BEGIN Data for this task
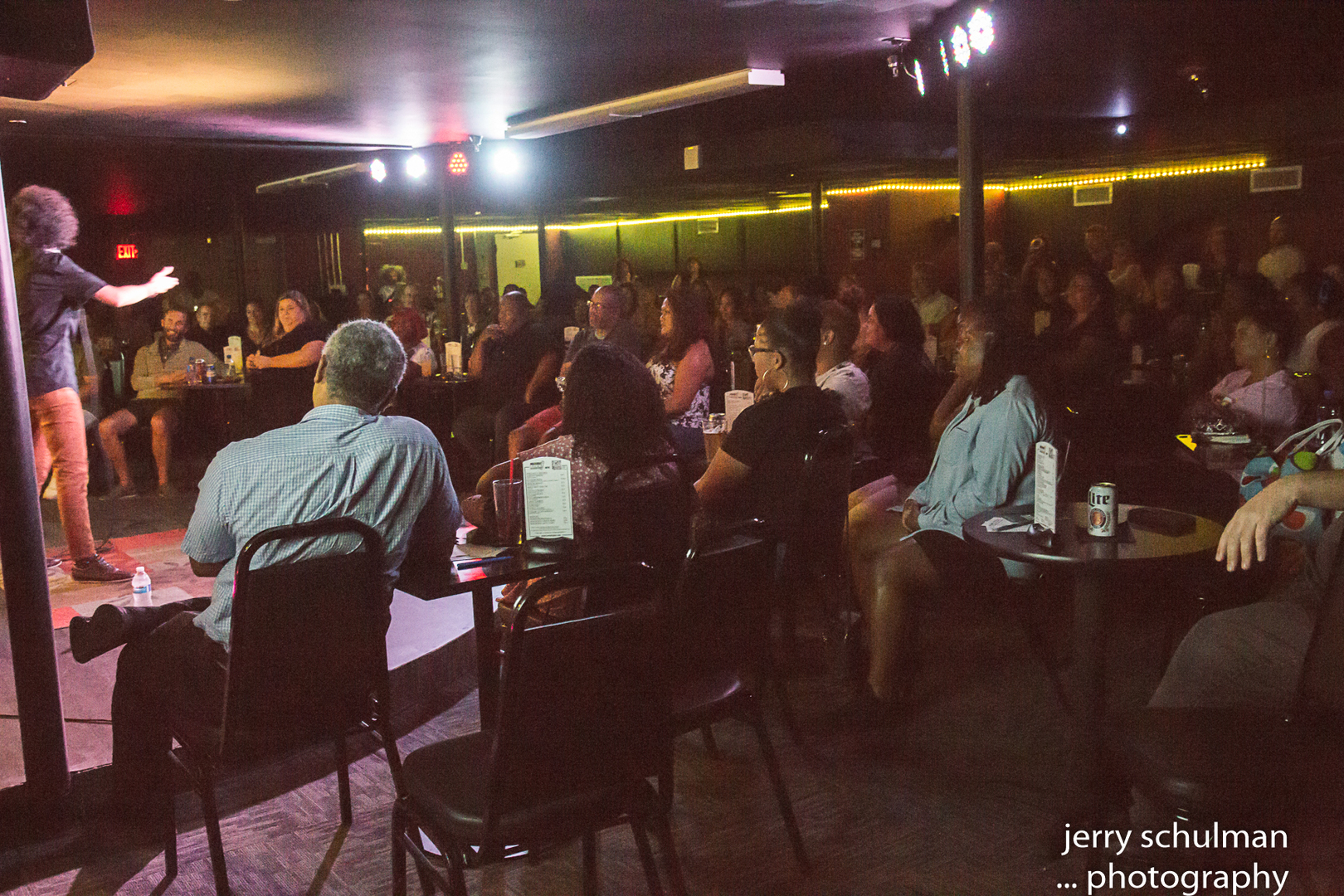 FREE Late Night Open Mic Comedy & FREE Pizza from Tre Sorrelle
END Data for this task
BEGIN Data for this task
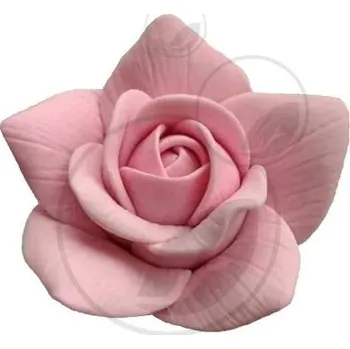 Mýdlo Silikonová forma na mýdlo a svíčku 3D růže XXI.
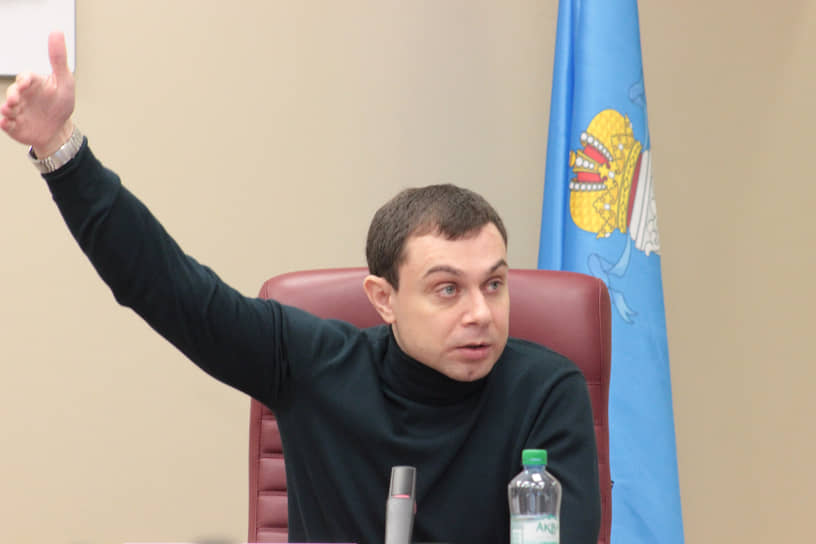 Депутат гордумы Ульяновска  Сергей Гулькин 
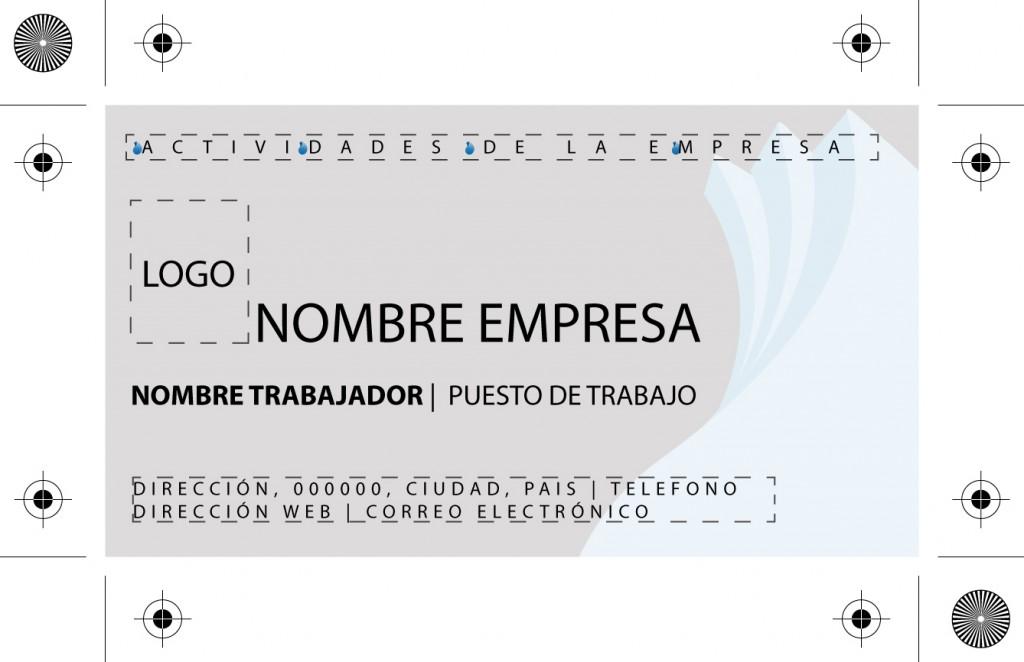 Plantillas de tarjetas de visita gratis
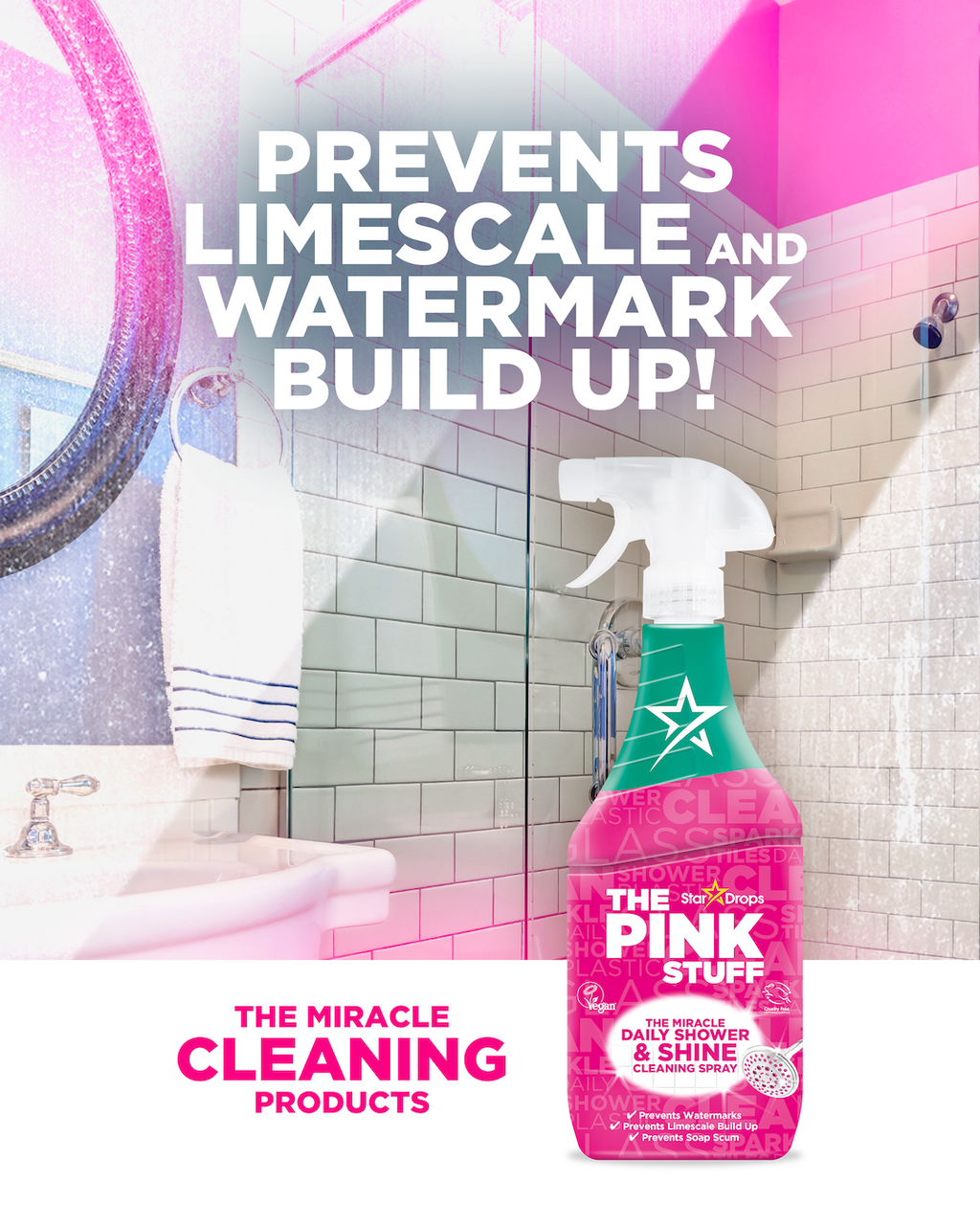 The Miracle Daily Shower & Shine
END Data for this task
**Action item**:
Restate word for word the lines of the data above that begin at the line with "Mýdlo Silikonová forma" and end at the line with "The Miracle Daily Shower & Shine", keeping both ends and dropping every picture.

**Written response**:
 Mýdlo Silikonová forma na mýdlo a svíčku 3D růže XXI.
 Депутат гордумы Ульяновска  Сергей Гулькин 
 Plantillas de tarjetas de visita gratis
 The Miracle Daily Shower & Shine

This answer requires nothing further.